Three years ago today, a four-day war against India was conducted by a band of death-affirming armed men who crossed the sea to lay siege on Mumbai. For four days, unprecedented real-time images of the mayhem unleashed on India’s most life-affirming city stunned the nation. India has had its share of terrorist attacks before and after November 26, 2008. But never before, or thankfully after, were two points driven home so forcefully and successfully: one, that Indians could be exposed so easily to a planned terror attack for such a long duration on their own soil; and two, that a group of Pakistanis were the ones behind the unprovoked and unprecedented attack. One hundred and fifty-four people were murdered between November 26 and 29, with more than 300 injured, the numbers serving as a pointer to the grip of terror India was caught in over those four days and weeks after.
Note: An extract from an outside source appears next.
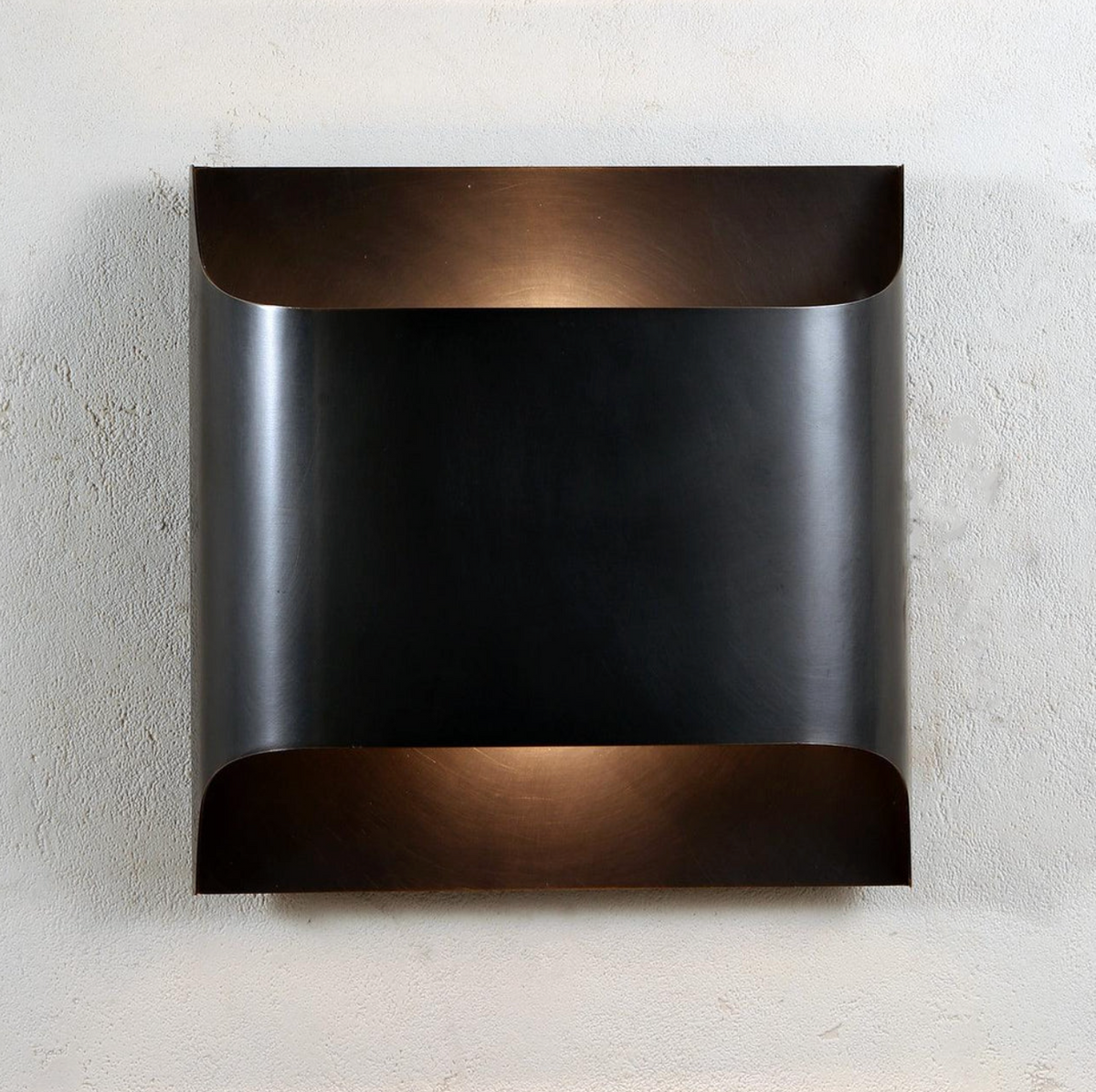 Up-Down LED Wall Lamp – Aluminum Cube, Black or Gold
Three years after the nightmare that started at around 9.30 pm at Chhatrapati Shivaji Terminus, and which would wind its sickening head across Mumbai, how well are we prepared to withstand such an attack again? The brutally honest answer would be that we don’t know, since such a brazen act of war hasn’t been unleashed on us since November 29, 2008. But as we mourn and remember those who died — both as victims of the terror spree as well as those who fought the murderers and sacrificed their lives — it’s necessary to acknowledge that 26/11 didn’t break us. Even in the contorted manner in which India-Pakistan relations work after every terrorist attack in India, 26/11 has had its fair share of unintended consequences.
If the objective of the terrorists and their mentors was to destabilise India and make jihadis operate more freely in the hostilities that were to follow between New Delhi and Islamabad, the operation was an utter failure. With Pakistan’s internal security and stability already under tremendous strain in the post-9/11 world, the earlier trajectory of Islamabad ‘utilising’ a terrorist attack in India to further its cause (read: hitching ‘Kash-mir’ on to any India-Pakistan agenda) was made impossible for all practical purposes. A full-fledged war along the Durand Line simply didn’t allow the Pakistani establishment to risk a counter-reaction from India along the Radcliffe Line. In effect, 26/11 served no purpose for its perpetrators. In fact, it made their lives and jobs much more precarious.
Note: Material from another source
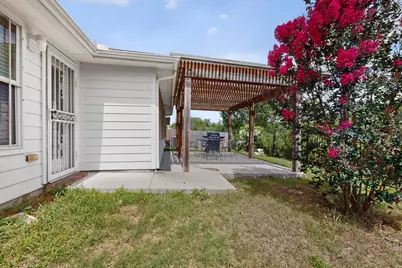 1933 E Dickey Drive, Dallas, TX 75051 - Photo 13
Such a dry post-mortem, of course, belies the sheer emotional charge that was lit three years ago from whose effects we are still coming to terms with as a nation. If there is one thing that we have learnt since those four harrowing days and the months and years that have followed, it is that the best revenge against your enemies is to live a happy life. Something that we, as a nation as well as individuals, have done and must continue to do as a way of honouring all those who perished while doing exactly that when unhappiness came to town.